ENTRE A VIDA E O TEMPO
As sombras do Poente começavam a adensar-se sobre os morros da Chilena e encantadora Valparaiso. Não tardava que o sol tocasse a linha do horizonte nas águas do Pacífico.
Debruçado sobre si mesmo no banco do jardim, a curvatura da coluna a denunciar os noventa anos, Manuel Pinto da Fonseca garatuja com o indicador direito no chão arenoso. Ocorre-lhe a cena bíblica da mulher adultera, mas só de relance, porque o seu pensamento alargara-se instantes antes para o Pacífico, à distância. Aí sim, consome alguns momentos que está a sentir perturbadores. Desta cidade da Sul América onde se radicara há cinquenta e cinco anos, trazido por Mercedes, a mulher que o prendera com as mais fundas garras do chamamento amoroso, quando ainda no Rio de Janeiro, sente-se viajar em pensamento à sua distante Vila Chã no Portugal além Atlântico. Surpreende-se ao mesmo tempo que se sente acossado por um sentimento de culpa que de brando passa quase a perturbá-lo. Neste estranho dia que caminha para o fim tudo está a ser relâmpago na mente de Manuel Pinto da Fonseca, mas o que agora acontece, quando o sol se despede já, é vertigem. Nesta hora é a saudade que o apoquenta, estranha saudade que o deixou viver décadas sem interferir na sua vida de homem pintor tranquilo desta bela cidade Chilena. Os pensamentos atropelam-se assim como as motivações, mas a decisão de visitar o seu país, a sua terra natal, toma forma definitiva.
Ainda não é noite e está já decidido no seu íntimo. Não sabe ainda o carácter que tem esta decisão porque o que prevalece é um sentimento de saudade profunda pelos sítios, familiares e amigos. Será um deslumbre para si abraçar essa gente. Quando se levanta do banco e é quase noite, riscou já dos seus projectos a próxima estadia em Buenos Aires por razões económicas, homem que é habituado a não ter dinheiro por lhe encontrar sempre saída sobretudo nas viagens e nos bares da cidade, boémio. Está viúvo de Mercedes há cerca de vinte anos, mulher filha de pai Argentino e mãe Persa, em que se conciliava o encanto da mulher Muçulmana do Oriente Médio.
Dois meses decorridos sobre este fim de tarde não sonhado pelo lusitano pintor, já ele atravessa o Atlântico a caminho da sua Europa.

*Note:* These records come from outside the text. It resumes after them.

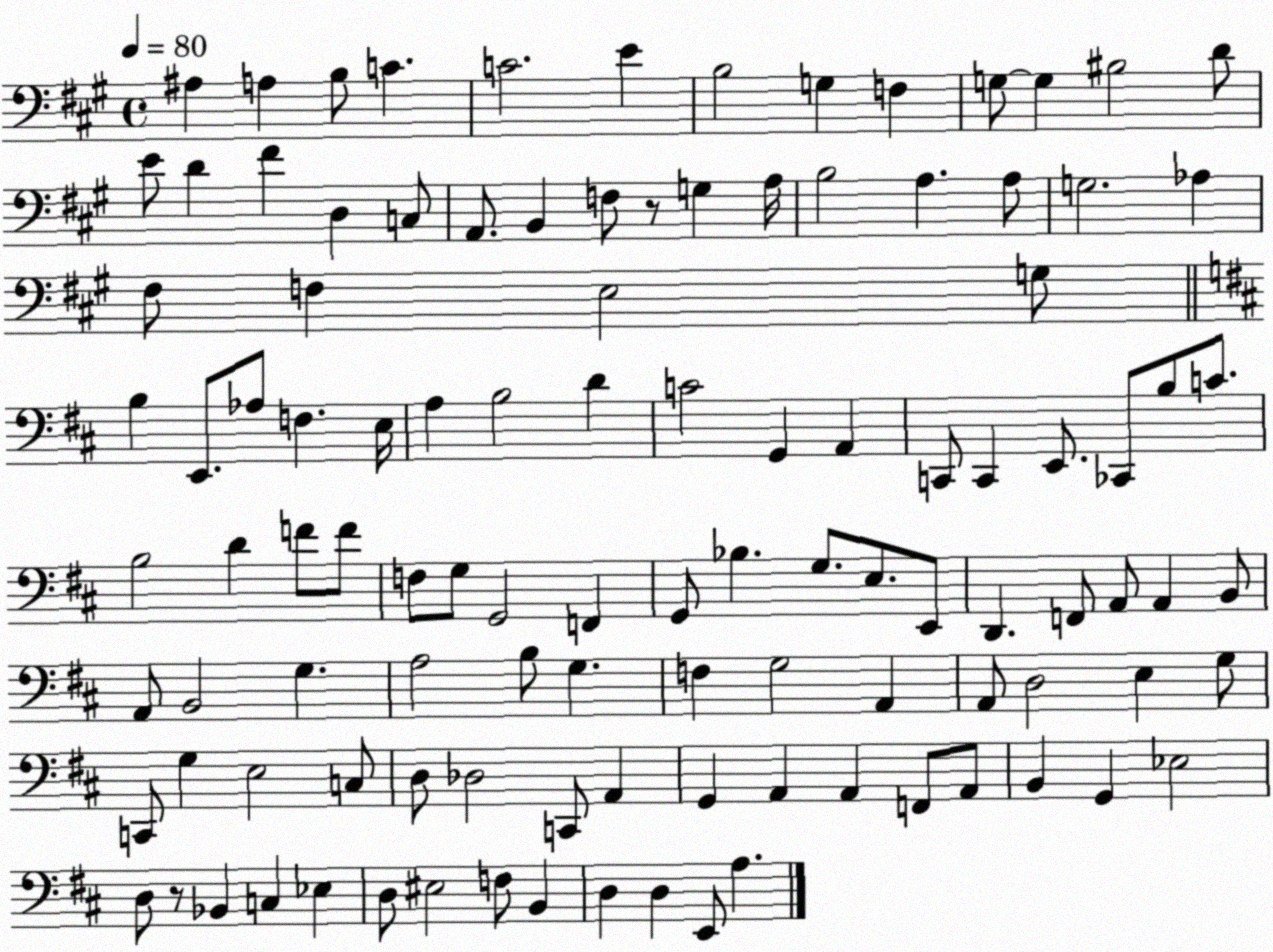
X:1
T:Untitled
M:4/4
L:1/4
K:A
^A, A, B,/2 C C2 E B,2 G, F, G,/2 G, ^B,2 D/2 E/2 D ^F D, C,/2 A,,/2 B,, F,/2 z/2 G, A,/4 B,2 A, A,/2 G,2 _A, ^F,/2 F, E,2 G,/2 B, E,,/2 _A,/2 F, E,/4 A, B,2 D C2 G,, A,, C,,/2 C,, E,,/2 _C,,/2 B,/2 C/2 B,2 D F/2 F/2 F,/2 G,/2 G,,2 F,, G,,/2 _B, G,/2 E,/2 E,,/2 D,, F,,/2 A,,/2 A,, B,,/2 A,,/2 B,,2 G, A,2 B,/2 G, F, G,2 A,, A,,/2 D,2 E, G,/2 C,,/2 G, E,2 C,/2 D,/2 _D,2 C,,/2 A,, G,, A,, A,, F,,/2 A,,/2 B,, G,, _E,2 D,/2 z/2 _B,, C, _E, D,/2 ^E,2 F,/2 B,, D, D, E,,/2 A,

Leva consigo muita ansiedade e o gozo antecipado de encontrar as pessoas e os sítios. No aeroporto de Pedras Rubras esperam-no os sobrinhos Feliciano e Célia que calorosamente o acolhem e que o transportam à Vila Chã de todos. Ao sair do carro junto à casa onde nasceu não conteve as lágrimas. Na muito modesta sala de estar onde se reuniu a família, não tardou que algo de estranho interferisse no seu ânimo. Ele sabe que todos sabiam que ele vinha e por isso pergunta num tom de quase exigência: O Chico, o Armando, a Amélia e a Deolinda, não sabiam que eu vinha? Um grande silêncio desce sobre a sala incluindo os mais jovens e Feliciano com algum constrangimento e acompanhando as palavras com um gesto de mãos informa o familiar chegado de longe: oh tio, eles já faleceram todos e o tio sabe que nós não tínhamos maneira de o contactar, que o senhor há mais de trinta anos que não dava noticias! Manuel Pinto da Fonseca estende o olhar para o exterior, estático e entregue a pensamentos fáceis de adivinhar e, vagarosamente apoiado na sua bengala, o charuto a cair-lhe do canto da boca, vem para o exterior e dá um pequeno passeio a pé nas imediações da casa. Nesta altura decide-se a na manhã do dia seguinte ir visitar os velhos amigos, ao Salgueiro, ao Burgo, ás Casas, Sta. Eulália etc. surpreende-se ao sentir nesta hora a amizade como qualquer coisa de primordial.